What's happening to these kids? Three-year study aims to unravel why goat kid mortalities happen

Posted on Tuesday, November 26th, 2019

Written by Sydney Pearce

Three goats laying together on a bed of hay
Data about management practices and mortality rates are being retrieved from almost 60 Ontario goat farms

To support the demand for goat products, University of Guelph researchers are involved in an intensive, three-year, Ontario-wide herd health and management study.

Prof. Cathy Bauman, Department of Population Medicine, and a team of researchers have surveyed or visited almost 60 goat farmers over the past 18 months to investigate mortalities and management practices among their herds.

The researchers are also wrapping up a project to conduct autopsies on all goat kids under four months of age that died on about half of the farms.

Typically, goat farms have either very high or very low mortality, but no one really knows why. Bauman’s survey is looking for differences in management practices between these two distinct groups by asking questions about their stocking density, ventilation and other practices.

On-farm visits will serve to investigate these practices in real time.

Additionally, the autopsies will help reveal the common causes of death and the age at which the kids are at highest risk. The researchers will try to associate these causes with the management factors they identify.

From initial survey results, researchers believe that record-keeping and colostrum- and milk-feeding management may be weak areas and a good place to start investigating on-farm. Because many kids may be born in a short time, some farms are unable to keep proper records of births, illness and mortalities, resulting in a lack of vital information for producers and veterinarians and a hurdle to resolving the mortality issue.

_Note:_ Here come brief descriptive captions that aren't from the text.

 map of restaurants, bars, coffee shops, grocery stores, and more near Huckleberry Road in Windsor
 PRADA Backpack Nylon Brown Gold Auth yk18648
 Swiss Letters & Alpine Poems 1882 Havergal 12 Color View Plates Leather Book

Colostrum management is key as well—it’s the first milk kids receive. They depend on colostrum to protect them from infections until they develop their own strong immune systems. The volume and quality of the colostrum fed may influence how susceptible kids are to infections.

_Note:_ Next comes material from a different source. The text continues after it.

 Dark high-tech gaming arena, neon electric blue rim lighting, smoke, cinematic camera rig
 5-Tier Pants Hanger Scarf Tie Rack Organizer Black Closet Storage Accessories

Based on the autopsies, pneumonia, diarrhea and septicemia—overwhelming bacterial infections—are areas that need further research. Preliminary research also indicates that kids between the ages of seven days and weaning are at highest risk. Closer examination of the pathogens involved will help identify areas that can be targeted through vaccination, improved hygiene or management changes.

“Reducing kid mortality improves goat welfare, consumer perception of the industry and economic profitability,” says Bauman. “Identifying key risk factors in kid mortality allows us to design effective intervention strategies and reduce antibiotic use and will result in an overall healthier industry.”

Bauman is providing participants with funding to try using record-keeping software or a new paper form tailored for the goat industry to help farmers maintain their records more efficiently. She thinks this will help researchers collect data and improve record-keeping habits on the farms long-term, so producers will be better able to quantify and describe any mortalities, making it easier for veterinarians to help them resolve issues.

She says the industry is being proactive about this issue. “It’s very interested in improving the health and welfare of its herds,” she says. “No producer ever wants to lose any animals.”

The research team will begin circulating observations and statistical results this fall and offer producer workshops starting in 2020.

Team members include Ontario Veterinary College dean Jeffrey Wichtel, professor emeritus Paula Menzies, Profs. Charlotte Winder and Robert Foster, graduate student Julia Kim, and undergraduate students Peyton Tam and Lauren MacNeil.
This research is funded by the Ontario Agri-Food Innovation Alliance. Additional funding was provided by Gay Lea, the Ontario Dairy Goat Cooperative and Saputo.